Re: [Postgres-xc-general] How distribution of tables works in PGXC?

From: Michael P. <mic...@gm...> - 2013-08-07 06:39:01

Your questions are already answered, here are just some additions.

On Wed, Aug 7, 2013 at 2:56 PM, amul sul <sul...@ya...> wrote:
> 5. Not allowed Modifying distribution columns definition
This is true in 1.0, not in 1.1 and above. It is possible to change
the distribution type of a table with ALTER TABLE in the upcoming 1.1.
Syntax is the same as CREATE TABLE.
http://postgres-xc.sourceforge.net/docs/1_1_beta/sql-altertable.html

> 5bis. Modifying distribution column values
This needs tuple relocation... Don't count on that.

>
> I am not pretty clear about all those point, so need your help.
> My questions are as follow:
>
> Is distribution on table is possible in following condition ?
>         1. relation(table) has Primary key and Foreign key(REFERENCE column)
> and both are different?
In this case, you can distribute the child table on if column and
table have the same data type, and their data is located on the same
nodes such as they perfectly map.
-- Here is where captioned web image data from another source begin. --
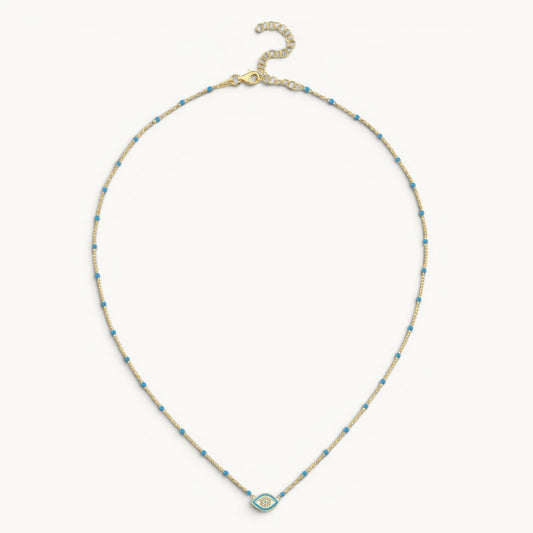 Enamel evil eye pendant in light blue with yellow gold plating by Alef Bet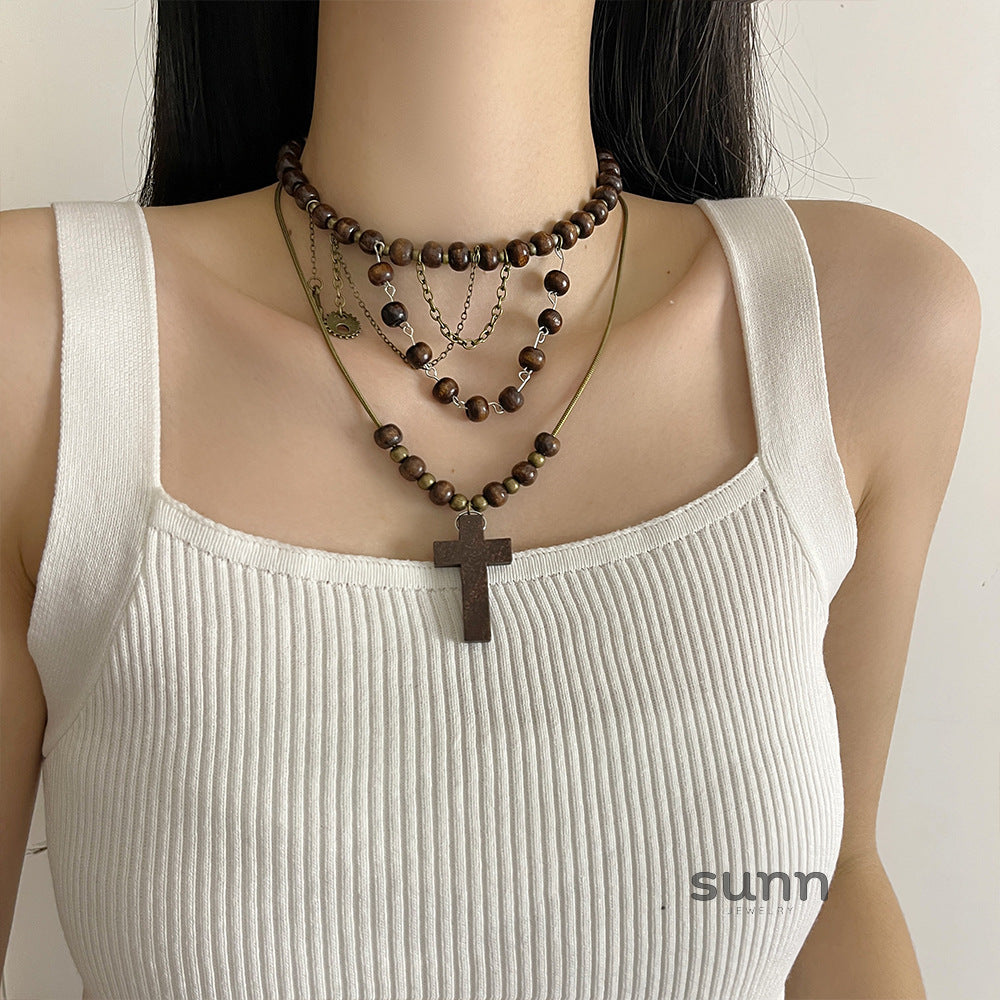 Karra Wood Bead Cross Necklace [0C8FIRE2]
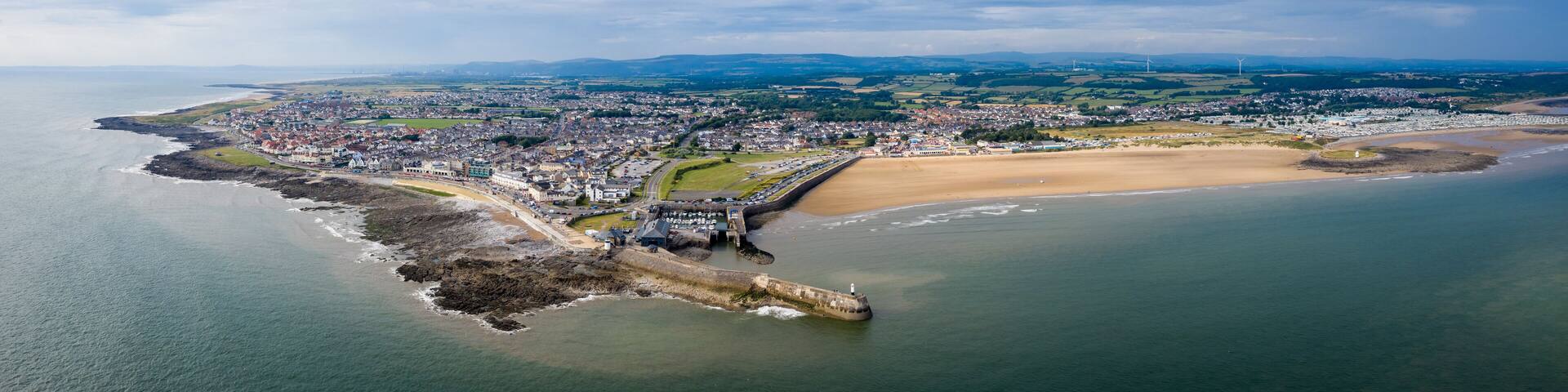 Aerial view of Porthcawl beach harbour and fun fair in South Wales UK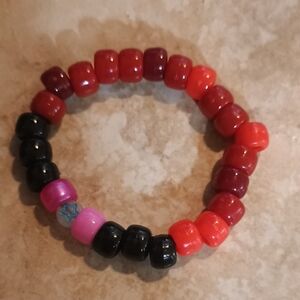 Red,black,and Pink Kandi Single With Star Bead.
If this is not the case, you need to
replicate the parent table referenced.

>         2. If primary key is on ( col1, col2) and Foreign key is only on
> (col2) is this O.K, if PRIMARY key is used as distribution column.
If parent is distributed with col2, you could be able to enforce the
constraint evaluation to Datanodes if child is also distributed with
col2, and that the data of parent and child is located on the same
datanodes.
In other cases, replicate the parent.

>         3. If relation has more than one Foreign key (on col1 and col2)
As long as the parent is distributed with one column included in the
foreign key, it is fine to distribute the child table with the same
column. Child and parent would need once again to have their data
located on the same nodes.

In case 2&3, I am wondering if XC algorithm is smart enough to allow
table creation though in those cases... Comments on that?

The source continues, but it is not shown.